Les Sordides

27 décembre 2007 Comments Off

Un jour. L'amour était tout près, bête tapie dans l’ombre. Ma robe trempait dans le lac, elle cherchait à lécher cet ourlet humide en rêve. Ma main pendait le long de mon corps, je n’avais pas conscience qu’on voulait l’attraper. La garder.

Le souvenir des étreintes passées m’apparaît comme une monstruosité étrange. Certaines parties du parc sont des fragments de douleur où la souffrance n'à d'égale que sa pureté odieusement chevaleresque. Le Moyen-âge est mort. La robe est souillée de terre et de fluides autant salés qu’amers.

Le Moyen-âge est mort je te dis.
Ne prie plus jamais les icônes, n’adore plus jamais quelqu’un d’autre que moi.
Ne prononce plus jamais mon nom.

J’ai aimé de façon religieuse et antique, comme si le sentiment protégeait. J’ai pris l’écriture pour celle qui faisait le miracle et gravé des incantations comme un fou au tombeau gratte les murs avec sa sangle. Le temps ne se métamorphose pas. Il nous auréole et s’en va. Ensuite il faut affronter cette solitude abrupte qui s'abat. N'ayez pas peur qu'elle vous brise les os. Elle vous leurre, alors vous croyez _ qui peut combattre ça ? _ Vous croyez donc. Et la foi est une grande faiblesse.

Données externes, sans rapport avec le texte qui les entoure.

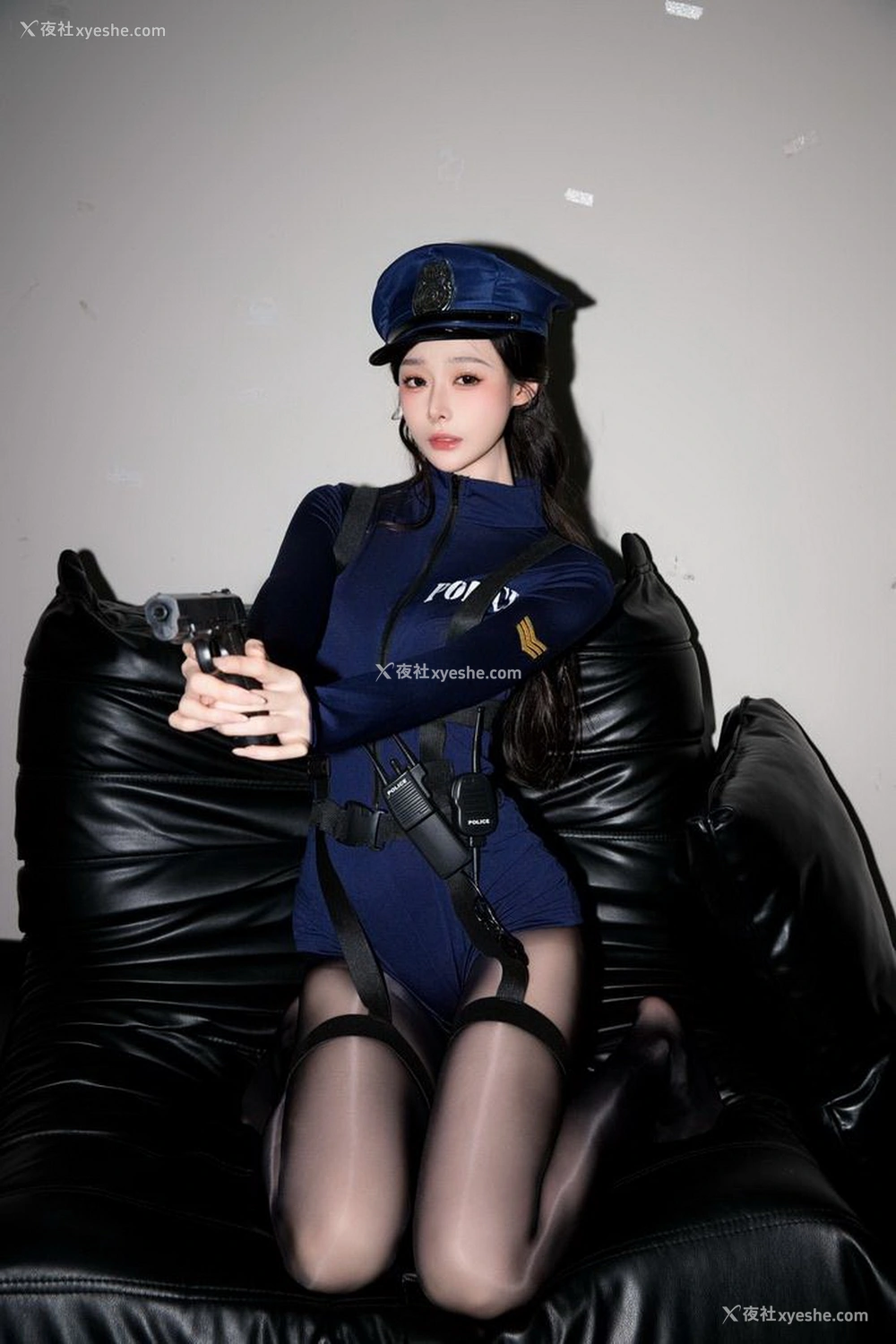 1P - 秀人网 美女名模 小逗逗 – 内购最新不上架无水印《武士与花的幻想》 [160P]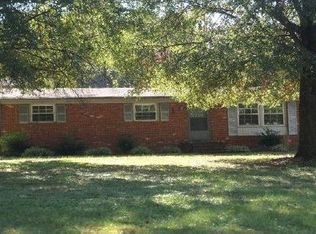 711 W Academy St, Madison, NC 27025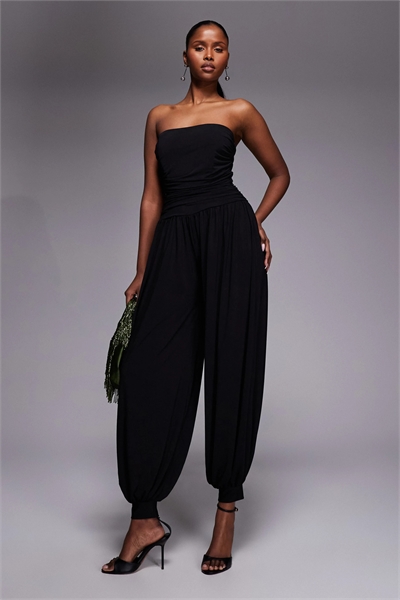 Комбинезон с облегающим бандо и шароварами артикул 155469653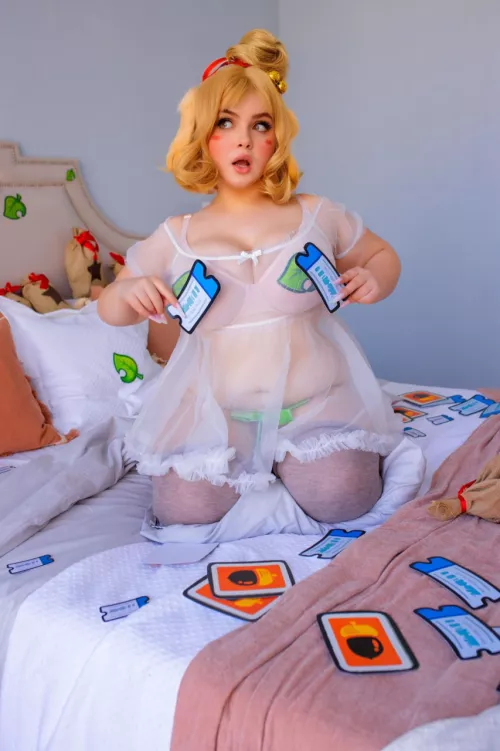 Isabelle from Animal Crossing by Bunnie_wifey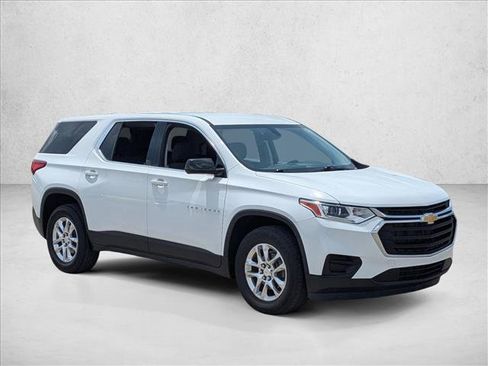 Used 2020 Chevrolet Traverse LS FWD image 3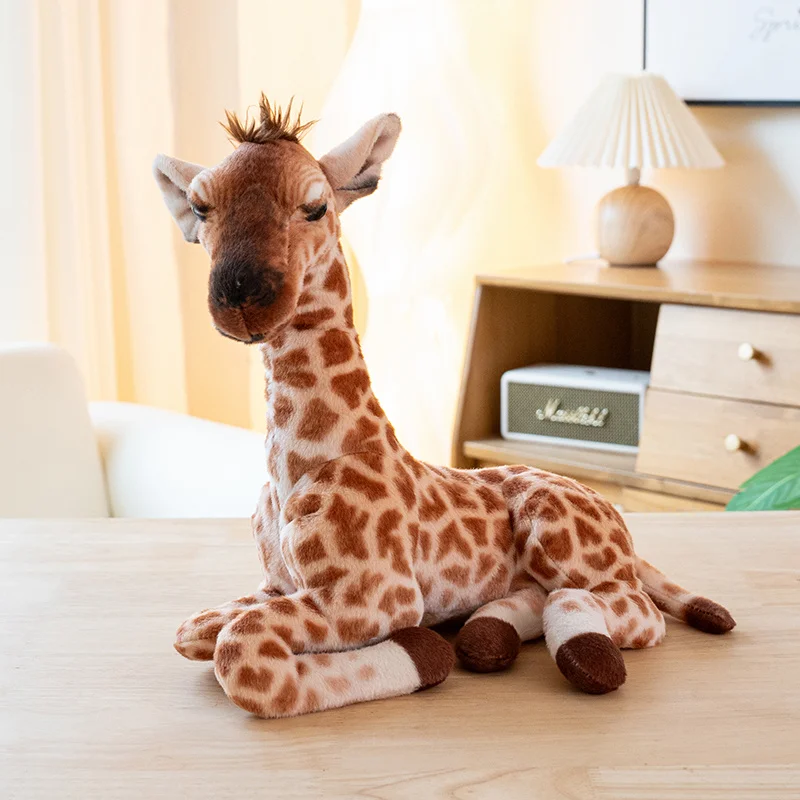 Giraffe gosedjur i liggande design, realistiskt och fluffigt vilddjursmotiv för soffan 22 En liggande mjukisgiraff som plyschkudde.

Je pensais m'être préparé à la fin d’un monde. J'avais décroché mes espoirs, un à un, de la voûte du ciel. A Kairouan trois mosquées chantaient leur appel. J’ai pensé avec véhémence: je ne crois plus ! Ni en Dieu ni en toi. Puis viens cette mélancolie universelle. Bien sur que je me suis mentie. Et quel amour, quelle fascination morbide. L’amour et la religion sont morbides. Il y a une part sombre, sexuelle et sanglante. L’épaule transpercée par une lance, les flèches pleuvant sur le martyre amoureux, les apôtres dévorés par les tigres, l’ongle qui s’enfonce au dos, les chairs excitées et rouges, ce sexe qui traverse, la crucifixion, la couronne d’épine, puis celle que l’on dépose aux pieds. Les fleurs que l’on offre pour se faire pardonner. Bien sur que j’ai aimé, avec ce dégoût face au corps qui verse et se déverse, horrifié de sa propre constitution, de son acharnement à chercher le plaisir. Horrifié de ne pas pouvoir arrêter de ressentir. Etonné de se voir continuer à aimer et souffrir, au point de vouloir tout anéantir.

Les saisons se sont tellement mélangé qu'un flou envahi l'eau. La brume rampe sur les dalles de l’île, on cherche à la dissiper d’une main morte en vain. C’est l’oubli peint sur la robe jetée au lac. Oui, cet enfant c'est moi, rejeté du lac à la mer, l'écume pendante aux lèvres. Je n’ai pas encore vécu, dit-elle. Mon corps est ce bavoir immense, mes seins n'existent plus. Puis en face. Sur la plage. Il y a ce jumeau dont les pupilles brillent d'un éclat d'or pur au regard vide. Sa richesse est à d’autres, ou à lui-même, il ne donne ni montre cette fortune secrète sous ses cils de soie. Assis sur un rocher le vent bat ses cheveux. Je me souviens très bien de leur finesse étrange. Ce corps était refuge. On l’atteint par un escalier étroit, une porte dérobée. Un violoncelle est au milieu, personne ne joue. Il attend celui qui saura manier l’archet depuis des années. Les os de poignets de ceux qui se sont trompés gisent au sol. Une enfant au bord de l'âge adulte, pâle et dégingandée, est dos contre le mur. Dans ce temple des oubliés, être clos c’est être ouvert au monde. Il n’y avait ni nature, ni immensité. Un roi fainéant gisait sur son trône, au fond, près d'une cheminée. C'était l'automne, on le devinait. La pièce se teignait d'ocre et d'incarnat. Il n’y avait plus aucune cime où grimper, aucun sommet pour croire. Aucun dieu de montagne à prier.